9

I have the following code

train_X, test_X, train_y, test_y = train_test_split(X.as_matrix(), y.as_matrix(), test_size=0.25)

where X is a DataFrame and y is a series. When calling the function above, I get the following warning:

/opt/conda/lib/python3.6/site-packages/ipykernel_launcher.py:1: FutureWarning: Method .as_matrix will be removed in a future version. Use .values instead.

"""Entry point for launching an IPython kernel.

Then I tried to change using .values as mentioned in the warning:

train_X, test_X, train_y, test_y = train_test_split(X.values(), y.values(), test_size=0.25)

But I get the following error:

TypeError Traceback (most recent call last) in () ----> 1 train_X, test_X, train_y, test_y = train_test_split(X.values(), y.values(), test_size=0.25)
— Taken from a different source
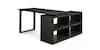 Bassett Furniture 9434-0813 HomeWork Modular L-Shaped Desk Bassett Furniture 9434-0813 HomeWork Modular L-Shaped Desk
TypeError: 'numpy.ndarray' object is not callable

How do I solve this?

rcs
  • 6,713
  • 12
  • 53
  • 75
  • 6
    That should be as simple as removing `()` from `values()`. – norok2 Sep 18 '18 at 08:44
  • you are right, my bad.. – rcs Sep 18 '18 at 08:55
  • 1
    From pandas 0.24, use `df.to_numpy()`, not `.values` or `as_matrix()` either. – cs95 Nov 14 '19 at 23:12
  • https://pandas.pydata.org/pandas-docs/version/0.23.1/generated/pandas.DataFrame.as_matrix.html Though they suggest using `.values`, as @cs95 mentioned, `.to_numpy()` was the one that worked for me – Suraj Sep 02 '20 at 10:17

3 Answers3

13

It should be:

train_X, test_X, train_y, test_y = train_test_split(X.values, y.values, test_size=0.25)

See this.

Deepak Saini
  • 2,810
  • 1
  • 19
  • 26
3

According to Panda 0.25.1 documentation, they recommend more using DataFrame.to_numpy() than DataFrame.values()

https://pandas.pydata.org/pandas-docs/stable/reference/api/pandas.DataFrame.values.html#pandas.DataFrame.values

So I'd like to suggest to update it like below:

train_X, test_X, train_y, test_y = train_test_split(X.to_numpy(), y.to_numpy(), test_size=0.25)
Bongsang
  • 41
  • 4
1

Here's some additional info regarding the versioning behind the warning. I hope it helps.

It occurred for me due to pandas version (0.23.4) that is shipped now in SQL Server 2019 along with Anaconda Python 3.7.1. SQL Server 2017 shipped with pandas (0.19.2) which is part of Anaconda Python 3.5.2 where this Future Warning msg did not occur.

pandas.DataFrame.as_matrix got deprecated since version 0.23.0. See PR.

Examples of how to use pandas.DataFrame.values.

Hiram
  • 409
  • 1
  • 4
  • 13